Default Debt

            Unawares, and in spite of all efforts to the contrary, I find myself slipping into infidelity. The feeling is analogous to the one that is had when noticing that a mutually agreed upon contractual service or product purchase is now costing much more because the provider has increased the price without notice or included an undisclosed fee.

            With friends I attended an art opening that was housed in an “historic” and “architecturally significant” building that was currently in limbo. It had a history of being used for other than originally intended purposes (the building itself IS the evidence of many previous owners and tenants). Now it was in various stages of disarray, upheaval, and restoration (violently revealing original craftsmanship details).  That evening this transitional space served as a venue for a disparate group show. Given our contemporary “copy of a copy” aesthetic, it was difficult to discern where some pieces began or ended. This is because, like the walls, ceiling and exposed utilities, these “original” works revealed previous bona fide historic influences, and exemplified hybridism, as well as conscientious denigration of style/epoch. The only area that offered any security of belief was that of the computer video works (McAfee Total Protection!). Of course, this is where most of the crowd gravitated. Funny, the monitor makes the viewer-participant oblivious of surrounding environment. One could just as well be in Auschwitz for all that it mattered since the small screen is all one has to attend to. This in itself speaks more of why the environmental movement has stalled out recently than any expensive academic study duly commissioned to uncover this would. Afterwards we went to dinner and conversation. The talk drifted to Occupy, and the young people who made the art (even though they didn’t exactly “occupy” the building) – ownership of building, ownership of art style, ownership of government. Mention was made of a magazine article covering the same topic, and of various quotes by industrialists of what drives politics (money) as well as “Government belongs to those who own it” remembered as attributed to John Jay, the country’s first chief justice of the Supreme Court.
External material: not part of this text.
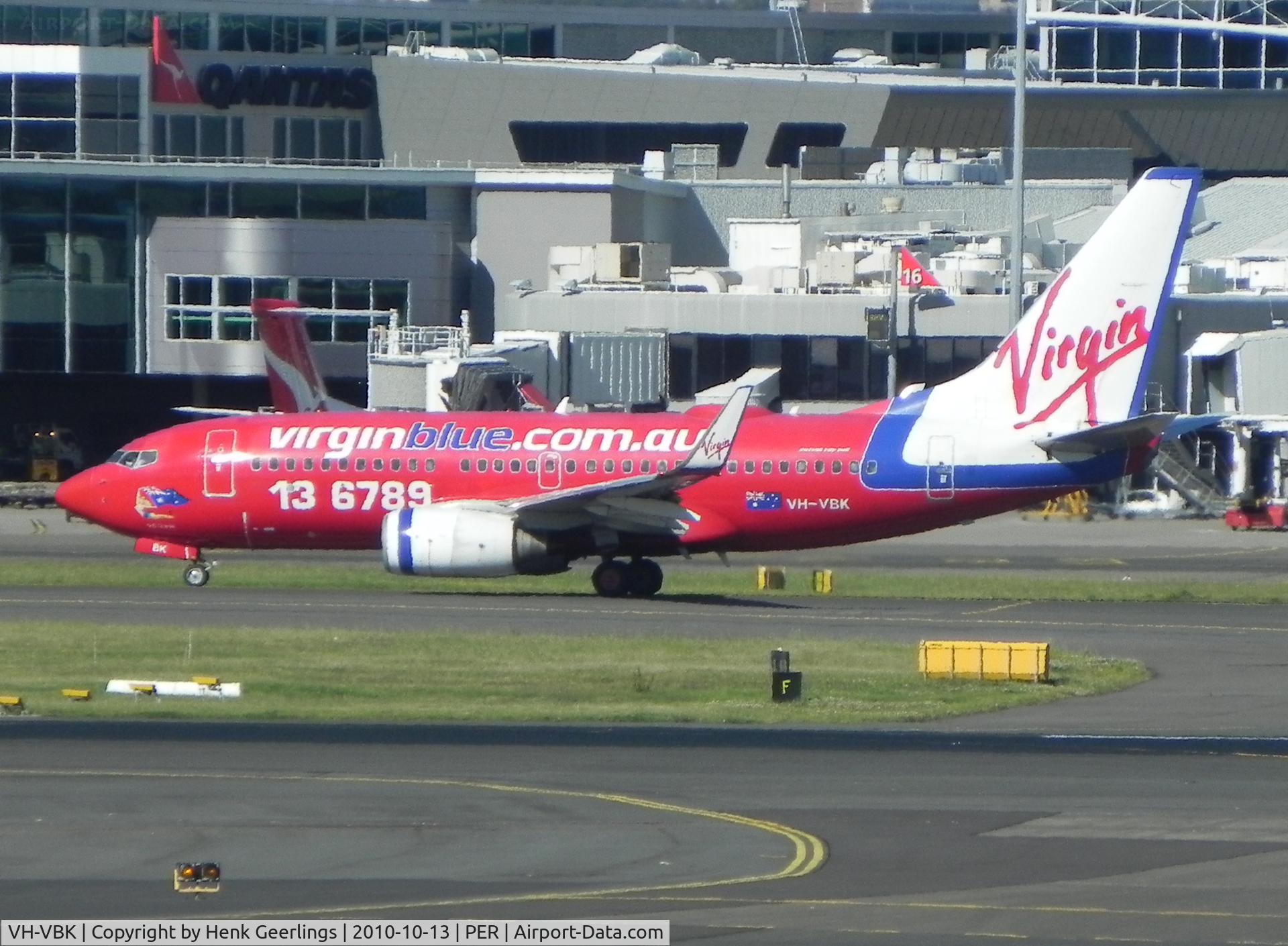 VH-VBK, 2002 Boeing 737-7Q8 C/N 30648, Special cs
            The next day I tried to track down the article, without luck (not exactly a scholarly repast the night before).  Researching the quote yielded A. J. Liebling’s “Freedom of the press belongs to those who own one”, not quite the same.  A peremptory research of our nation’s first and most influential jurist, and his quotes, made me cognizant of my covert slippage into infidelity. Anticipating secular statements regarding the place of law, rights and freedom, I found religious platitudes instead. “Providence has given to our people the choice of their rulers, and it is the duty, as well as the privilege and interest of our Christian nation to select and prefer Christians for their rulers.” D’oh! “Whether our religion permits Christians to vote for infidel rulers is a question which merits more consideration than it seems yet to have generally received either from the clergy or the laity.” Yikes! (clergy say more clerics are needed!) “[T]he evidence of the truth of Christianity requires only to be carefully examined to produce conviction in candid minds… they who undertake that task will derive advantages.” This final quote from the originating chief interpreter of our nation’s legal system really raised the hair on the back of my neck and got the critical enlightenment juices flowing.
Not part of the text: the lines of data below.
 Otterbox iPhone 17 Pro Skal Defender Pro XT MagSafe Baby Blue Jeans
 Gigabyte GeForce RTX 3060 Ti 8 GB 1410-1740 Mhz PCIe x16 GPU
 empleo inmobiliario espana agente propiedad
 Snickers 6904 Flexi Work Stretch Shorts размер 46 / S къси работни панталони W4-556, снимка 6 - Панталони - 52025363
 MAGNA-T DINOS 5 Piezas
            John Jay himself was a rather ambiguous/ambivalent historical figure. I guess at the time he would have made perfect sense to his contemporaries, but as a denizen of the 21st century much is murky (analogous to the exposed craftsmanship of the art show). His pantheon of values had the Christian God with the bible’s revelation at its pinnacle, followed closely (or rather supported) by the private property rights of ownership (Only makes sense considering that in the nascent country of that time, an over abundance of “common ground” left private property to be deemed exceptional, vulnerable, and very desirable. Others have pointed out the relationship to the heritage of “ownership” of religious belief. As Thoreau pointed out, what makes for ownership?). After that came the various interactions and relationships of society, community and state. Jay himself owned slaves but worked for emancipation in his state of New York. Ostensibly, he bought people from their owners and then would free these people once they reached a certain age on the grounds that these humans had justifiably paid off their indenture. From this one can conclude that he was a man of his time in sharing the belief of the “naturalness” and legality of ownership, including the ownership of human beings, either as indentured servants or slaves.  

            Part of our evening’s conversation included the young artists featured, and young people today in general. It appears they must go into debt (through their education, transportation and required insurance necessities) BEFORE they can obtain employment in order to pay off the debt that obtaining the job necessitated in the first place. Once there were mortgage burning parties when homeowners celebrated paying off the cost of their residence. Usually these took place concurrent with retirement, the children leaving home, etc. One wonders if today’s young workers, finding only underpaying jobs after incurring enormous debt to obtain those jobs, will celebrate their emancipation day, when they have “justifiably paid off their indenture.”